A: I believe they have an effect because the preservation of Metinvest’s business made it possible to maintain Ukraine’s export potential, generate export currency revenue, pay taxes and improve the country’s balance of payments. We are less dependent on the devaluation of the hryvnia and pay more taxes, while the state can make repayments when receiving these taxes, including external borrowing on government debt. We support the work of Ukrainian Railways, which, in turn, can service its debts. All told, we provide jobs for people who pay taxes in the same way. Consequently, this is a complex issue and a kind of influence.
Q: Does the Group have any prospects for additional cash flow? What could facilitate this?
A: We are interested in Metinvest’s long-term development and we view ourselves as a backbone investor in the economy of Ukraine and countries where we have production assets: Italy, Bulgaria, the United Kingdom and the United States.
In 2017, the Group updated its strategic priorities and Technological Strategy to 2030. First of all, this concerns investments in efficiency: we are not so much increasing production volume as investing in quality, environmental projects, and effectively reducing consumption of various raw commodities, materials and energy resources, among other things.
In 2018, we implemented numerous strategic projects at our metallurgical assets in Mariupol. One key achievement was the construction of the continuous casting machine no. 4 at Illich Steel. Some 30% of the funds for the project were raised under guarantees from the Austrian Export Credit Agency. This is further confirmation that European financial institutions trust Ukraine and Metinvest in particular. Since this is a lower-cost and longer-term credit facility, our strategy is to increase such financing in the Group’s debt portfolio.

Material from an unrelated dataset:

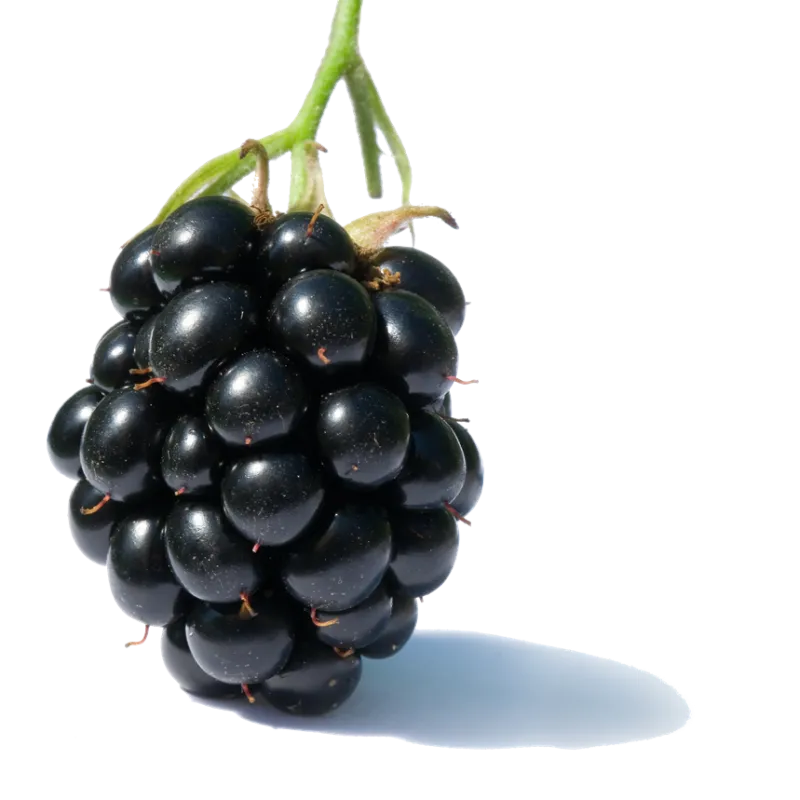 blackberry-.jpg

Q: - What could prevent Metinvest from repaying its debt? What are the main risks?
A: Metinvest intends to fully service its debts since it recognises the importance of long-term relations with creditors.
External factors that could influence the situation include conditions on the raw materials market and the geopolitical situation around and within Ukraine. As far as the raw materials market is concerned, the Group strives constantly to improve its own efficiency. We are working on reducing production costs to ensure competitiveness. This will make it possible to maintain margins during a decline on the market or in prices, i.e. to continue making money on processing or production.

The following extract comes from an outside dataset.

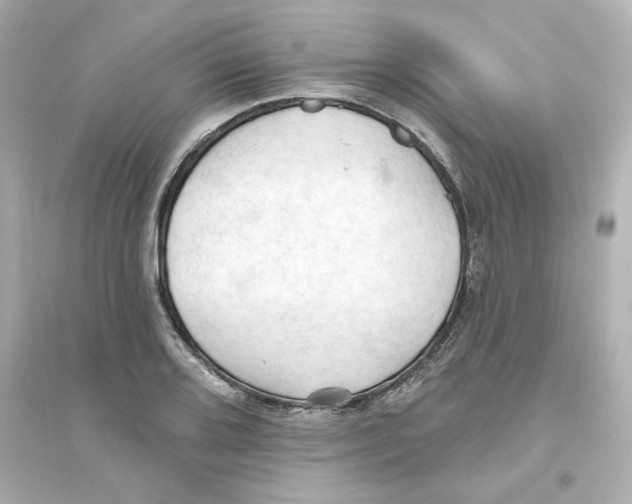 X0000093561080200711121009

The geopolitical situation in Ukraine is clear. Over the past five years, we have functioned in an unstable environment, and we have learned to work in such circumstances.
As for the business climate in the country, the situation with the most pressing issue for Ukrainian exporters, VAT refunds, has improved significantly over the past few years. This is not to say that the system works flawlessly, but it has become much easier, and we would like this trend to continue.
In Ukraine, Metinvest also faces several issues related to logistics: the rail service, above all from Mariupol to the Black Sea ports, and the passage of ships via the Sea of Azov through the Kerch Strait. We have now managed to resolve issues involving the availability of rail cars and locomotives, as well as the number of trains, that run to and from Mariupol and Kryvyi Rih.
Another problem is that a country like Ukraine does not have an internal market for financing such players as Metinvest. We all understand that the average citizen of Ukraine, with a notional US$1,000, could go to the bank and deposit it at 4% a year. Meanwhile, Metinvest is ready to take on this money at 5% a year for 3-5 years. Such a person must have a mechanism for investing in Metinvest. Unfortunately, the National Bank of Ukraine has a very high key interest rate. Ultimately, Metinvest can obtain financing in hryvnia at a rate of 16% a year at best. We must measure our long-term investment plans with our long-term liabilities for raising money and liquidity. This is an important aspect that must be taken into account.